本当は1月に友人たちとGOTOキャンペーンを利用して長崎に行く予定でした。が、第三波が来てキャンセル。

図書館で借りてきました。

高校生の頃「沈黙」を読んだことがあります(夏休みの課題図書でした)。

 

 

一部・キクの場合

「浦上四番崩れ」という実話が元になっています。

<ざっくりあらすじ>

江戸時代に隠れキリシタンとして信仰を守っていた浦上の農民たちが幕末にキリシタンであることを表明した後に、幕府によって拷問、弾圧、流罪にされます。明治政府も天皇中心の神道で新国家形成を目指していたので流罪のままでしたが、欧米列強から激しい非難を受け、条約改正などの外交上の障害になると判断して、6年ぶりに農民たちは故郷に帰ります。

キクというのはキリシタンではありませんが、好きな青年がキリシタンで津和野に流罪になったため、その青年を救いたい一心で体を売ってまでお金を用意したりします。そして、最後には病気で亡くなってしまいます。

<感想>

信仰をもたない私からしたら、拷問を受けても信仰を捨てないということに「恐怖」を感じました。どうして耐えられる?信仰を捨てたら天国に行けなくなる?むしろ、肉体的な辛さから逃れるために信仰を捨ててしまっても許す神であってほしいと思う。
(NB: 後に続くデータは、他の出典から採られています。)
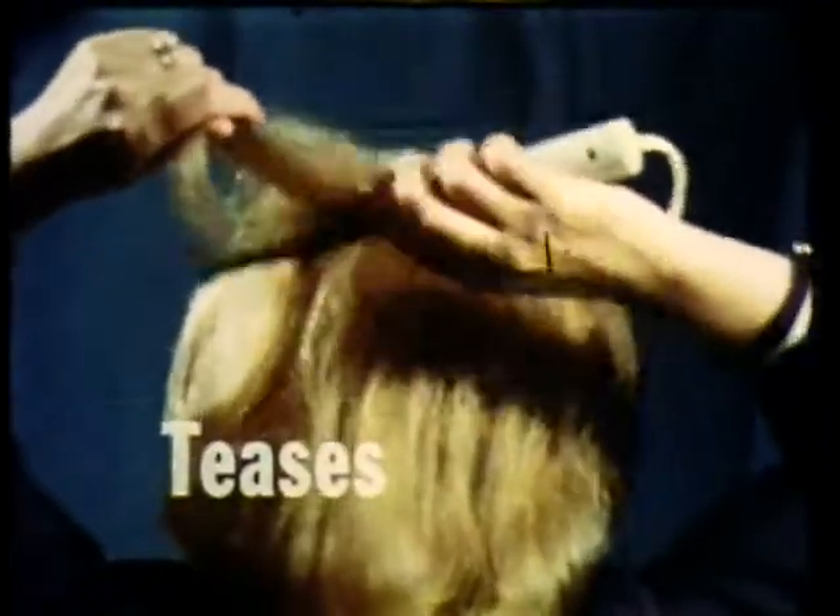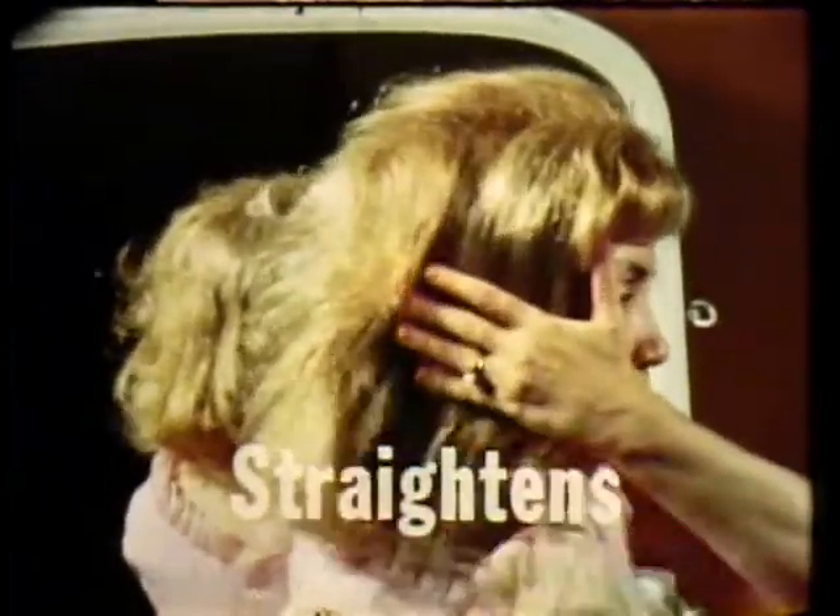And girls, for teasing hair, works like a dream — like having a beauty salon in your own home. Most important, it will straighten stubborn, difficult-to-control hair so quickly, it seems almost like a miracle.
それと、同じ人間に対して残酷な拷問をすることも怖いです。嗜好とか快楽というような性質ならともかく、仕事だからと割り切れるのかな?(伊藤という役人はキクの体を自由にして金も巻き上げ、一方で信者たちに拷問を続け、自己嫌悪しながらもそれらの行為を続けています。そんな伊藤に神父が「あなたは救われる」と声をかけるのが偽善に思えて仕方ない。現代社会なら犯罪者ですよね。拷問そのものは仕事だから仕方ないにしても、キクに対しての行いは職権乱用ですよね。)
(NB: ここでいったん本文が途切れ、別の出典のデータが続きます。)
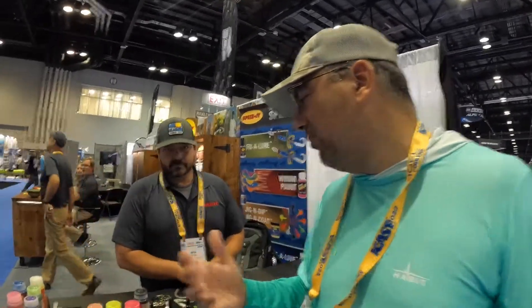You can buy a bunch of wholesale blades, dip them into different colors, and you don't have to buy five or six different spinnerbaits that are going to be between five and fifteen dollars more expensive. You can save yourself some money with this product.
それと、キクの行為はいくら好きな人のためでもそこまでできるかな?という疑問も。小説だからと言ってしまえばそれまで。新潮文庫で発行されたのが1986年、その以前に書かれたとして、その時代はこの純愛が理解できる時代だったのかしら。

 

二部・サチ子の場合

 <ざっくりあらすじ>

キクの従妹のミツも夫の影響でカトリック信者になります。二部はそのミツの孫のサチ子が主人公。敬虔なカトリック信者で、幼なじみの修平を慕っています。でも、時代は太平洋戦争中、修平は「人を殺してはいけない」という信仰に反する戦争に参加することに悩みます。カトリック教会が戦争を黙認することにも反発を覚えています。(プロテスタント教会反戦運動をして逮捕されたりもしたとなっていました)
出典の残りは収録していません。